• _What is needed_
Read through the data, and wherever a line holds the word "Hotel", write that line out.
★ ★ ★ ★ ★ ★ ★
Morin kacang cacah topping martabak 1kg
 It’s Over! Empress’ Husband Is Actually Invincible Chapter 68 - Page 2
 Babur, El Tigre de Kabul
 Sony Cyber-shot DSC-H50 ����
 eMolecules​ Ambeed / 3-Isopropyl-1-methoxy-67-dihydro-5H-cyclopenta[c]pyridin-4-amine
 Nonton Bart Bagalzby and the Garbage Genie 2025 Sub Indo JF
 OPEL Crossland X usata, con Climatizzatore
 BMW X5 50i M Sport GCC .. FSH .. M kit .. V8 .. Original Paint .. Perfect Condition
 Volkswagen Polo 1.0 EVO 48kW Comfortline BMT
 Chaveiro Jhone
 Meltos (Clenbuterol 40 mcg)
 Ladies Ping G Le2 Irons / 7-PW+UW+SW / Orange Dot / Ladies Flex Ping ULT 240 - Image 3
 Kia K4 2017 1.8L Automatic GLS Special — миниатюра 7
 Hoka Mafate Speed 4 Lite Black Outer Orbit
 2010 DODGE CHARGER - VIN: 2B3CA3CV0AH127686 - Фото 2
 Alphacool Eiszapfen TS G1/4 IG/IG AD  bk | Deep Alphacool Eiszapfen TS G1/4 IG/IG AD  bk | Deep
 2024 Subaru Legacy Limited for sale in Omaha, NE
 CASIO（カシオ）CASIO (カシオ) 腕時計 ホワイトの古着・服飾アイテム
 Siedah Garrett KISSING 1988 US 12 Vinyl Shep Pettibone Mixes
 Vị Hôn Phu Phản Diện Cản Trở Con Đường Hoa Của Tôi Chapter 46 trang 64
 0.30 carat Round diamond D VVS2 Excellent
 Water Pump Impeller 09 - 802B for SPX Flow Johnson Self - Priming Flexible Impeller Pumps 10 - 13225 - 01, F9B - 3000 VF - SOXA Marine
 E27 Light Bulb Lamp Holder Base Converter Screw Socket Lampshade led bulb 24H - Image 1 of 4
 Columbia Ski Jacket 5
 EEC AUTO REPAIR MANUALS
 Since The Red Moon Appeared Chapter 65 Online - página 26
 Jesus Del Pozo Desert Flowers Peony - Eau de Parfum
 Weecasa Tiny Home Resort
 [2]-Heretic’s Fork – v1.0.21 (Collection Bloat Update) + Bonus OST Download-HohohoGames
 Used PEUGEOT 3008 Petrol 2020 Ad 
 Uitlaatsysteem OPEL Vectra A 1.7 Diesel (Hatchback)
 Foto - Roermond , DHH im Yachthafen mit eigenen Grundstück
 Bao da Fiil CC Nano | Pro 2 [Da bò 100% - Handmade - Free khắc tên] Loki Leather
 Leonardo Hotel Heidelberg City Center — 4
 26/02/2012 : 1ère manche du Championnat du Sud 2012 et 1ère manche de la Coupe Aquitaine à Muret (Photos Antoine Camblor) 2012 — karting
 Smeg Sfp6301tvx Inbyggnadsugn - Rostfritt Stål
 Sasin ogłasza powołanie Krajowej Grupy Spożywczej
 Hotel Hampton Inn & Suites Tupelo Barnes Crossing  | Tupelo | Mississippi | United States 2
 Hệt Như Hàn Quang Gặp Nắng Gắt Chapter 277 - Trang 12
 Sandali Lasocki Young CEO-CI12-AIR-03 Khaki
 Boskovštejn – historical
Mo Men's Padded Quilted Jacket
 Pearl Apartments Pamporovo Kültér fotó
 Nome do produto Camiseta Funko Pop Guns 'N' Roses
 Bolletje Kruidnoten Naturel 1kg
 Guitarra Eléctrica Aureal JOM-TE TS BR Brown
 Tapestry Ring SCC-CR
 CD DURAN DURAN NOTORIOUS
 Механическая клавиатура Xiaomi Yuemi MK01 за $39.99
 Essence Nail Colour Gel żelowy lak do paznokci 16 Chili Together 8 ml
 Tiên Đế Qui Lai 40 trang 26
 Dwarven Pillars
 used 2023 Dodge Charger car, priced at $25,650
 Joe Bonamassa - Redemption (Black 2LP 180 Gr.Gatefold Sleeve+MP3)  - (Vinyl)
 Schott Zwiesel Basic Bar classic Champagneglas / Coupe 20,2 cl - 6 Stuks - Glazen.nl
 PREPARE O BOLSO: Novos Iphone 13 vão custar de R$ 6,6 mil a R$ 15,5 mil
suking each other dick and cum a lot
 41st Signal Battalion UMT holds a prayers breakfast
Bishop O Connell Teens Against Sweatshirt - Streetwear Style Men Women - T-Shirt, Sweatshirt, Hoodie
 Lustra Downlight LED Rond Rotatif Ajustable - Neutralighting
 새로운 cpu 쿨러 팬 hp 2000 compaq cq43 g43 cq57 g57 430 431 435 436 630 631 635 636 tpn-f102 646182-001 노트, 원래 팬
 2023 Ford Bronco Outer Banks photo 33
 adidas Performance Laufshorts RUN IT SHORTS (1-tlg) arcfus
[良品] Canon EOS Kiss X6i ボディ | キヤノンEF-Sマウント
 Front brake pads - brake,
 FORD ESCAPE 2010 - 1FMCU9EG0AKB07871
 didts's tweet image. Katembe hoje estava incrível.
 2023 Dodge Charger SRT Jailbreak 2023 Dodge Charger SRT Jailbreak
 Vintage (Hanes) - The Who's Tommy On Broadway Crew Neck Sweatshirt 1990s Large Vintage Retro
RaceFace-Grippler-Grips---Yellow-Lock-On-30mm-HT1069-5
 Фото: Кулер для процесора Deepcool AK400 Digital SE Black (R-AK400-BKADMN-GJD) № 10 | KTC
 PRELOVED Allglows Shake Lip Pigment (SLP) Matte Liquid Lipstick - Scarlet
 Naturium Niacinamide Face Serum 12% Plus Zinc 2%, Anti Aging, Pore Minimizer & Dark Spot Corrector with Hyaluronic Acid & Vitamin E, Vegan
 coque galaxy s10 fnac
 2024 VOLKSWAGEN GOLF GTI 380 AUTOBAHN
★ ★ ★ ★ ★ ★ ★
• _Reply to the task_
 Leonardo Hotel Heidelberg City Center — 4
 Hotel Hampton Inn & Suites Tupelo Barnes Crossing  | Tupelo | Mississippi | United States 2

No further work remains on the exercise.